Lazzaro è malato e Gesù attende che attraversi non solo la malattia, ma anche la morte, per andargli incontro come colui che è la vita.

Anche i luoghi delle nostre “malattie e morti” possono essere i luoghi favorevoli e opportuni per incontrare Colui che è la vita.

Questo dono di vita nuova, di resurrezione, avviene in un contesto di legami affettivi molto profondi. Le nostre relazioni sono fondamentali affinchè l’amore di Cristo, e la sua vita nuova, ci possano toccare.

Sono le sorelle Marta e Maria ad amare Lazzaro. Sono i giudei accorsi per consolare la famiglia del defunto, a dimostrare il proprio affetto e vicinanza. E’ Gesù, che ama Lazzaro. Tanto che questo amore entra nell’identità di Lazzaro stesso, che viene chiamato: “ colui che tu ami”, colui che Gesù ama. Gesù, si commosse profondamente.

Gesù si commuove, partecipa ai sentimenti dell’altro, fino a sentirli nella sua stessa carne. La compassione in Lui innesca un processo di interiorizzazione del dolore dell’altro che si rivela creativo e si traduce in una parola che è efficace, guarisce. E restituisce la vita a Lazzaro. Questo sentimento diventa gesto di cura, di tenerezza, di consolazione. La compassione diviene impulso per uscire da se stessi e farsi vicini a chi soffre.
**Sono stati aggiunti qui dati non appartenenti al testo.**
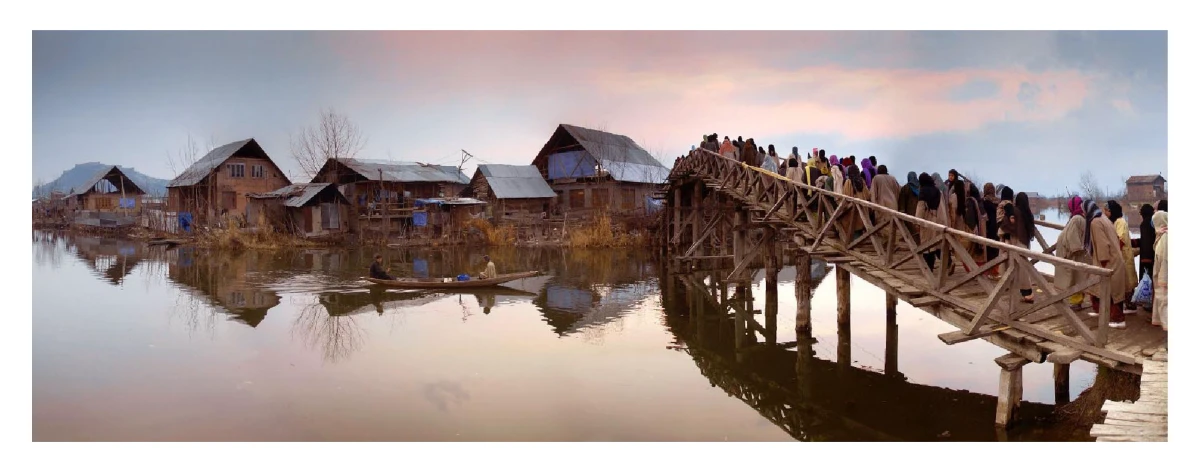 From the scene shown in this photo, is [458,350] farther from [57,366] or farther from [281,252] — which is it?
[281,252]

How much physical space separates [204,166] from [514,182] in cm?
1474

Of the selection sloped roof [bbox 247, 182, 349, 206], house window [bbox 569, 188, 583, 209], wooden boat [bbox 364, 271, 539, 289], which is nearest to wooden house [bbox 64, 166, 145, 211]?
sloped roof [bbox 247, 182, 349, 206]

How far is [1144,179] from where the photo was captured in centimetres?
1096

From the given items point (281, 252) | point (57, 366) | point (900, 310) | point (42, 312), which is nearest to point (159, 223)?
point (281, 252)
In questa morte, è la gloria dell’amore, che si manifesta.

“La ripetizione dei termini affettivi che legano Gesù a Lazzaro (colui che tu ami, il nostro amico, guardate come lo amava) indicano che la realtà vissuta da Gesù con Lazzaro è l’amicizia, e che la rivelazione di Dio che Gesù compie nella sua umanità, comprende anche la vicenda dell’amicizia, dell’affetto umano. Anche nell’amicizia Gesù narra la gloria di Dio, narra la potenza dell’amore più forte della morte.” (L. Manicardi)

Il Vangelo di oggi, così ricco di significati, ci invita dunque ad avere il coraggio di amare, anche se amare ci rende più vulnerabili, ci può far soffrire. Perchè in questo sentimento, che ci rende capaci di commuoverci per l’altro e di lasciarlo al contempo libero, in un gioco di distanza e vicinanza (l’amore non possiede!), è luogo teologico, qui Dio opera, e dono una vita nuova che sconfigge le nostre morti.
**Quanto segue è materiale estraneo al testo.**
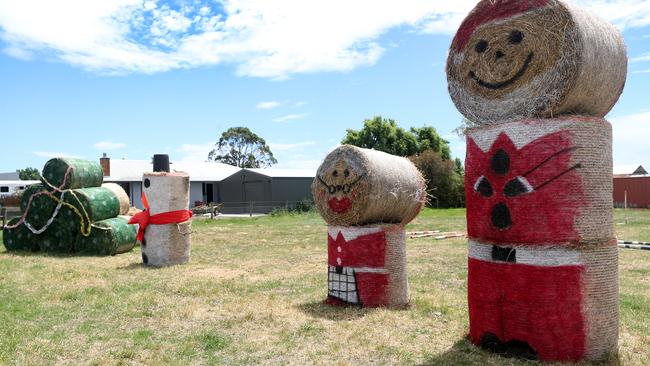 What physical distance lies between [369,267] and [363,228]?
540 mm

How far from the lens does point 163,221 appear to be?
11.7 m

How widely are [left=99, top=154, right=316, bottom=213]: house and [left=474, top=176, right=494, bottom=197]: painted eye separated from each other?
2859 centimetres

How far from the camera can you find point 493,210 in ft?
17.0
“Riconoscerete che io sono il Signore, quando aprirò le vostre tombe e vi risusciterò dai vostri sepolcri” (Ez. 37,13).

Si tratta di aprire ciò che in noi è chiuso, perchè vi entri il soffio di Dio. Si tratta di deporre le resistenze.

“Ecco, io sto alla porta e busso. Se uno, udendo la mia voce, mi aprirà la porta, io entrerò da lui e cenerò con lui e lui con me” (Sp. 3,20).

L’invito, che nel Vangelo di Giovanni è imperativo, ci introduce subito in un movimento interiore.

S. Ambrogio lascia che le parole di Gesù, rivolte a Lazzaro, vengano rivolte anche al suo cuore. Possiamo anche noi ascoltare Gesù mentre oggi ci chiama ad uscire dalla nostra tomba. “Possa tu, Signore, degnarti di venire a questa mia tomba, di lavarmi con le tue lacrime …! Se piangerai per me, sarò salvo. “Vieni fuori!”: che i miei pensieri non restino nello spazio ristretto di questo corpo, ma escano incontro a Cristo e vivano alla luce, perchè non pensi alle opere delle tenebre, ma alle opere della luce. Chi pensa al peccato, cerca di chiudersi nella propria coscienza. Chiama dunque fuori il tuo servo. Alla tua chiamata uscirò libero e diventerò “uno dei commensali” nel tuo convito. E la tua casa si riempirà di prezioso profumo, se custodirai ciò che ti sei degnato di redimere”.